Both artists were pioneers in their use of industrial paint and color. Judd’s occasional use of motorcycle lacquers such as Harley-Davidson Hi Fi Blue and metal flake car paints, like Kandy Apple Red, originated through his communication and familiarity with Chamberlain.2 In paintings from 1963 to 1965, Chamberlain experimented with the translucent property of automobile lacquer. In works such as Orlons, 1964, Chamberlain sprayed multiple layers of metal-flake lacquer onto a square-foot sheet, creating new color through layering. In two untitled wall works by Judd dated 1967, the artist similarly employs the translucent potential of lacquer to generate depth beyond the flat planar surface. In Judd’s works, thin layers of paint render visible the fractal patterns of the galvanized method from which they are made.

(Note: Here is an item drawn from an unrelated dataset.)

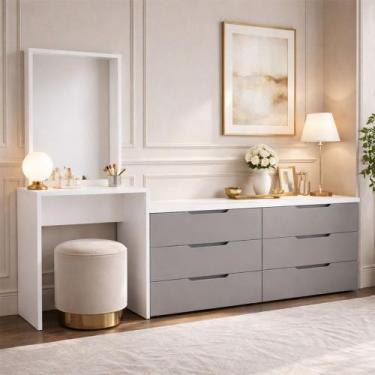 Imagem de Cômoda Madrid 6 Gavetas com Espelho Cinza/Branco - Politorno, Cinza Cl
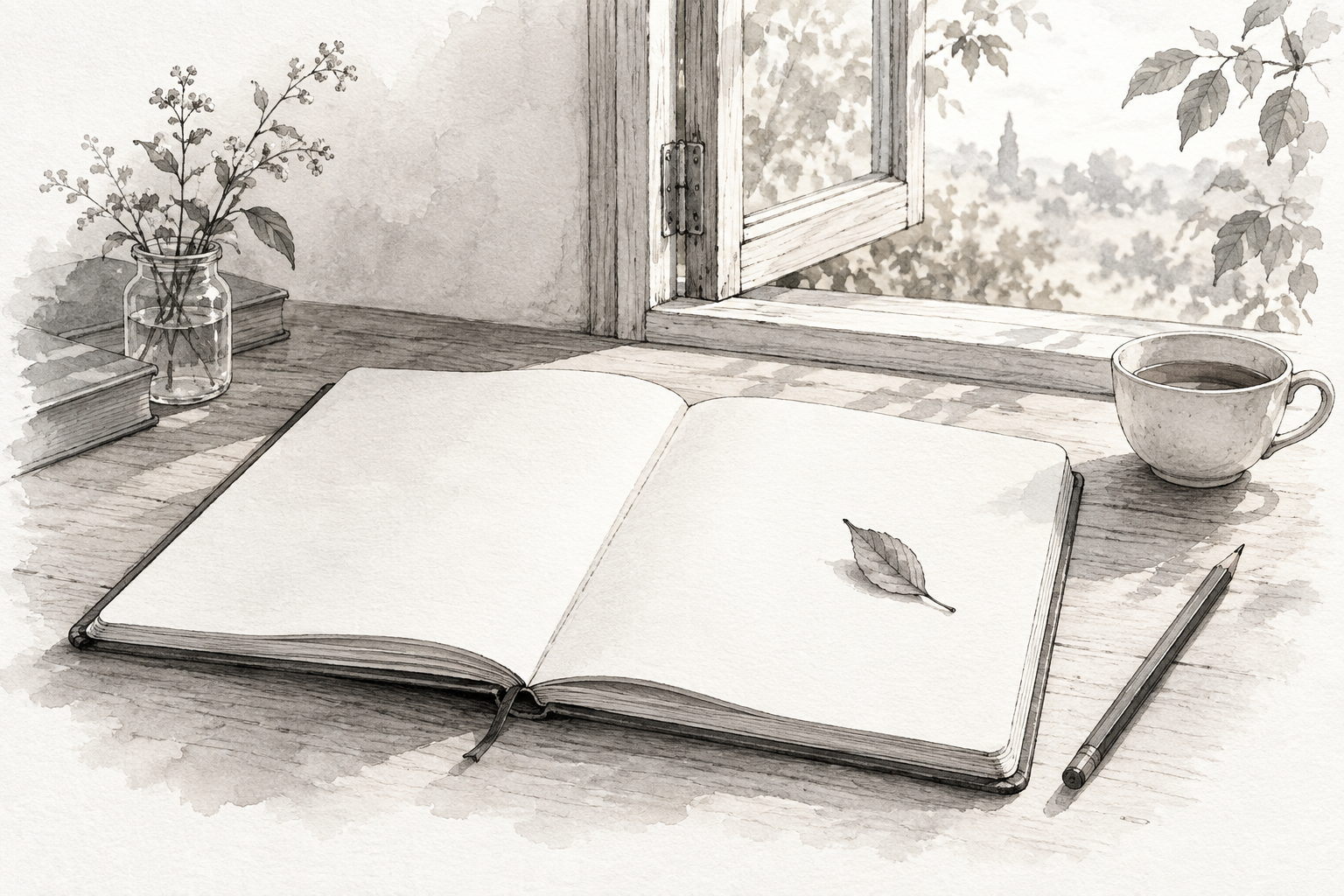Ink-wash illustration of an open notebook, a leaf, a pencil and a cup of tea beside a window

John Chamberlain (born in 1927 in Rochester, IN; died in 2011 in New York City) studied at the Art Institute of Chicago and the renowned Black Mountain College. The recipient of numerous awards, Chamberlain was honored with two Guggenheim Fellowships (1966, 1977), the Skowhegan Medal for Sculpture and a Lifetime Achievement Award from the International Sculpture Center in Washington DC (both in 1993), The National Arts Club Award in New York (1997), and the Guild Hall Academy of the Fine Arts, Visual Arts Honoree for the 22nd Annual Lifetime Achievement Award (2007). Chamberlain’s work has been included in numerous international and museum exhibitions, including the 1964 Venice Biennale and in retrospectives at the Museum of Contemporary Art, Los Angeles (1986), and twice at the Solomon R. Guggenheim Museum (1971, 2012). Chamberlain is in many public collections including the Whitney Museum of American Art; the Menil Collection, Houston; the Kunstmuseum Winterthur, Switzerland; and Centre Pompidou, Paris. His sculptures are part of permanent exhibitions at the Chinati Foundation in Marfa, TX, and at Dia:Beacon in upstate New York.
Before he transitioned to work in three dimensions, Donald Judd (born in 1928 in Excelsior Springs, MO; died in 1994 in New York City) began as a painter and an art critic, having studied philosophy and art history at Columbia University and painting at the Art Students League. In 1977, Judd established the ideas for the Judd Foundation and in 1986 he founded the Chinati Foundation/La Fundación Chinati. For almost four decades, Judd exhibited extensively throughout the United States, Europe, and Asia with his work in museum collections worldwide including Kunstmuseum Basel, Leeum, Samsung Museum of Art, Seoul, The Metropolitan Museum of Art, New York, Museum Boijmans Van Beuningen, Rotterdam, National Gallery of Art, Washington, DC, Tate Gallery, London, and Tokyo Metropolitan Art Museum, among many others. Major exhibitions of his work include the Whitney Museum of American Art, New York (1968, 1988); the National Gallery of Canada, Ottawa (1975); Stedelijk Van Abbemuseum, Eindhoven (1970, 1987–88); and Tate Modern, London (2004). The Museum of Modern Art, New York will present a major retrospective of his work March 1 to July 11, 2020.